--- DATA SHOWN ---
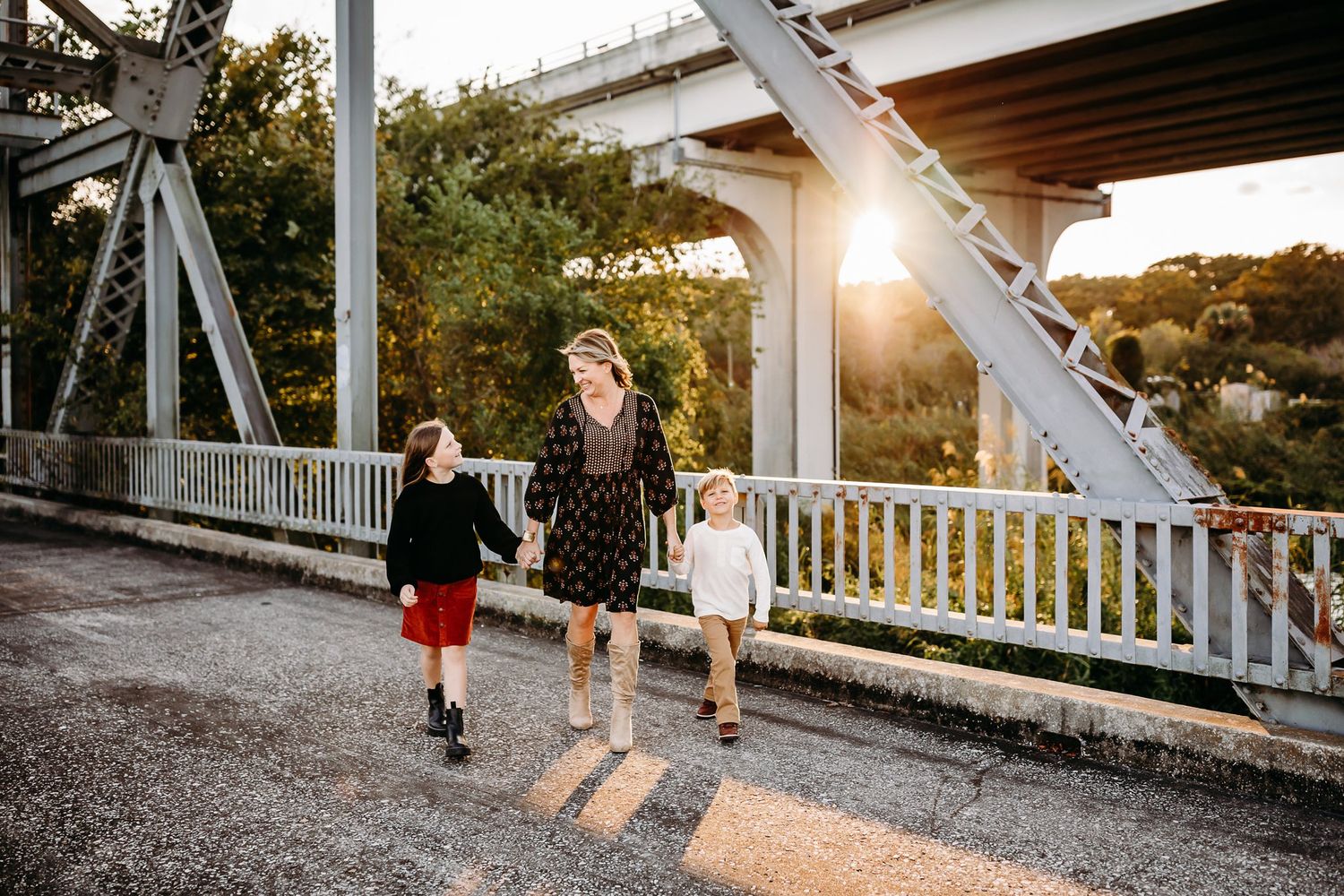 Couple walking together at sunset on a rustic bridge with beautiful golden light peeking through the trees.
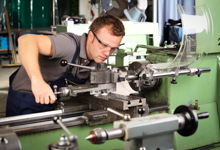 Ein Mann trägt Schutzbrille und arbeitet konzentriert an einer Drehbank in einer industriellen Werkstatt. Er trägt Arbeitskleidung und bedient die Maschine mit beiden Händen. Das Bild thematisiert den sicheren Umgang mit Maschinen im Rahmen des Arbeitsschutzes und der Prävention von Unfällen, passend zum Kontext der Unfallkasse NRW.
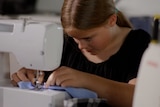 A young girl in a black top sewing a blue piece of fabric on a machine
---
#### WHAT YOU WILL DO
Word for word, retype all of the data above, but include no pictures.

#### EXERCISE RESULT
 Couple walking together at sunset on a rustic bridge with beautiful golden light peeking through the trees.
 Ein Mann trägt Schutzbrille und arbeitet konzentriert an einer Drehbank in einer industriellen Werkstatt. Er trägt Arbeitskleidung und bedient die Maschine mit beiden Händen. Das Bild thematisiert den sicheren Umgang mit Maschinen im Rahmen des Arbeitsschutzes und der Prävention von Unfällen, passend zum Kontext der Unfallkasse NRW.
 A young girl in a black top sewing a blue piece of fabric on a machine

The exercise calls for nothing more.